Miriam Stoeber

Research

G-protein coupled receptors (GPCRs) are versatile membrane receptors that translate binding of a diverse array of extracellular ligands into intracellular signaling cascades. As such, they play critical roles in human physiology and disease and are prominent therapeutic targets. We aim to understand how GPCRs function in the cellular context and more specifically, how receptors in different cellular organelles translate ligand-binding into precise signaling outcomes. We envision that a deeper understanding of the spatiotemporal logic of GPCR signaling on the level of individual cells is key to determining the specificity of drug action and may contribute to the development of safer therapeutics capable of selectively driving desired signaling responses.

 

Ongoing research projects

 

Receptor signaling from internal membrane

 The classical model for GPCR function is restricted to signaling events that occur exclusively in the plasma membrane. This concept was recently challenged by an emerging body of data demonstrating that some GPCRs signal from intracellular organelles, which presents a new paradigm for spatially-encoded signaling bias. Several downstream effectors, including G proteins and adenylyl cyclases, are known to be abundant in intracellular organelles, however, the precise internal signaling events remain elusive and how they effect physiological processes is largely unknown.

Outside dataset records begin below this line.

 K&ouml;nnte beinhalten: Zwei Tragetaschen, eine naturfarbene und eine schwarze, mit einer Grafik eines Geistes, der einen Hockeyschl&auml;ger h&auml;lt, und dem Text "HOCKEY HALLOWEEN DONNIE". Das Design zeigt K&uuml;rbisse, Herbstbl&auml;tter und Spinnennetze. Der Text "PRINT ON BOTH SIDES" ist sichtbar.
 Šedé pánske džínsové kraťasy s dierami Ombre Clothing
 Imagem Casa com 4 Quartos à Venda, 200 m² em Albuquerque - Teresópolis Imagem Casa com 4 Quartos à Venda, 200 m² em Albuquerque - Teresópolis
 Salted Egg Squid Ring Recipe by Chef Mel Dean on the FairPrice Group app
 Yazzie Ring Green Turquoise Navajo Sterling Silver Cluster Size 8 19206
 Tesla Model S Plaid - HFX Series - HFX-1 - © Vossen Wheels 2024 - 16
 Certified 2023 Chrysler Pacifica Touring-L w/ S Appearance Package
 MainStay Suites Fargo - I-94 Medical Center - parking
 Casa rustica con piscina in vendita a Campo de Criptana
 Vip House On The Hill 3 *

Focusing on physiologically and pharmacologically important opioid receptor ligands, we have previously shown that opioid drugs (e.g. morphine) differ from endogenous peptides (e.g. endorphin) in the cellular location at which they drive receptor activation. One exciting possibility is that some drug-specific effects and abuse responses may be explained by what cellular pool of receptors a certain drug is interacting with. We seek to unravel how receptor signaling in plasma membrane, endosomes, and Golgi apparatus contributes to opioid drug action. For this we combine live cell fluorescence microscopy, nanobody-based biosensors, signaling reporters, unbiased genomic approaches, and diverse pharmacological tools.

 

Regulation of internal receptor pools

What regulates the abundance of GPCRs at internal organelles? Some GPCRs are inefficiently targeted to the cell surface and can be arrested in the secretory pathway. Varying levels of receptors in internal organelles may critically influence signaling outcomes in response to membrane-permeant ligands (e.g. drugs, hormones). We seek to identify proteins that regulate anterograde trafficking of GPCRs as they may be key factors to understanding the biological function of internal receptor pools. We will use an unbiased screening approach and cell biological / biochemical methods to learn about the exit and retention machineries that regulate GPCR trafficking.

 

Novel tools to sense and modulate GPCR function

Several studies have now established the usefulness of single-domain antibodies, termed nanobodies, for detecting target proteins in the intact cellular environment with high precision. Intracellularly expressed fluorescently labeled nanobodies can act as biosensors to detect location and conformational changes of proteins. However, due to their different binding modes and affinities, they can also serve as reagents to modulate target protein function. We will develop novel nanobody-based reagents that have the ability to sense or block receptor activity and anticipate to generate powerful tools with immediate applications in our own studies of location-encoded signaling. Beyond this, we seek to establish a toolkit to probe endogenous GPCR function and trafficking with high sensitivity and subcellular resolution in more complex biological tissues. In our work, we will combine protein biochemistry, image-based assays, and high-resolution microscopy techniques.